Working in the studios lasted about 3 years, but luckily, in this case, about halfway through, I really began to build up my website, name and products, teaching how to make your own anime movie, with creations like Anigen, The Ultimate Model Bundle and others. When the writer's strike hit and the major decline in production, and thus jobs, hit, my site was already going again. Of course, it wasn't going well enough to live in an expensive city like L.A. This raised the question, how far would you be willing to go to make this work? For me, the answer was about 10,000 miles.
An old friend of mine had retired early from the company where he worked with a small pension. He also rented out the house he had in the U.S. His monthly income would barely cover the rent in the place I was staying in L.A., but he was living an amazing life of adventure in SE Asia. Most importantly, he didn't need to work, ever. Granted, he used his spare time mostly for World of Warcraft, but I saw different possibilities in what he had done. I began to really look into this. I found more stories, even one of a guy who began doing freelance online, for what might be considered peanuts in California, but it got him out of the rat race and over to Asia where he was happily living a dream life. I won't dare tell you what he started out with. Anyway, this had me convinced.
When the writer's strike hit, I had two choices. I could step into the unknown or stay where I was in California, where I knew exactly what was going to happen, and where I would be in the next five years. I chose to step into the unknown. I sold everything I had, got a laptop, and got on a plane. I made plenty of mistakes, to be sure, and I ran into some rough patches here and there, but in the three years since that decision, I have also been around The Philippines, Korea, and Japan, with no job, doing my own thing, making my own anime and teaching you how to make your own anime movies, and having total freedom. The point is I did it. The question is how was I able to do it?

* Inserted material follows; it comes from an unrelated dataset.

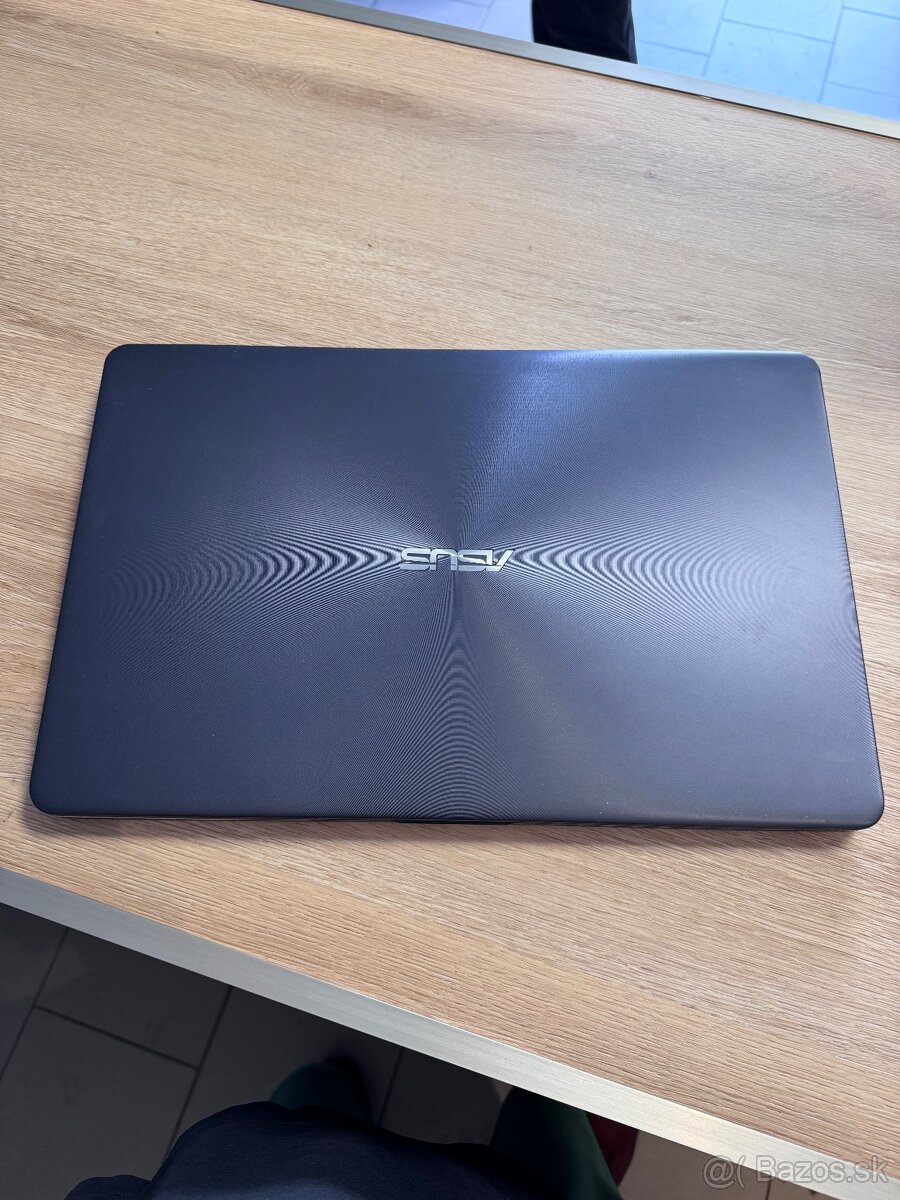 Asus VivoBook X705BA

Well, back to my discussion with the fine artist in Shanghai. Shanghai is by no means a cheap city to live in. It really is not that different from L.A. and some parts can be even more expensive. Basically, it is not the place to do this. Believe it or not, there are places in the Philippines where one could really live on as little as $300 per month, if one is willing to make sacrifices. I am not talking about the room being $300. I mean all life. It can be done, and there are actually places even cheaper. The adventurous soul may find locations in India or Thailand where a life can be created for less. The goal to keep in mind, though, is that the purpose of such a measure is to build your name, build your website or other means of bringing in income by your own power. You have all your time to yourself and your work, not someone else's.
After spending months in such a place, I had built my website to where it was making as much as $3000 USD per month. That would be enough to live in most places in the US. The problem is, though, I needed time to get there. This time I would not have had were I spending all my days working for someone else while in the US. Only through the freedom gained by this choice, and having every single hour of my days mine to use as I chose, to create my own anime movies, could I build my site up to that point.
So the fine artist asked me why I didn't stay there and continue to do that? Well, that is another story. Maybe I'll write a book.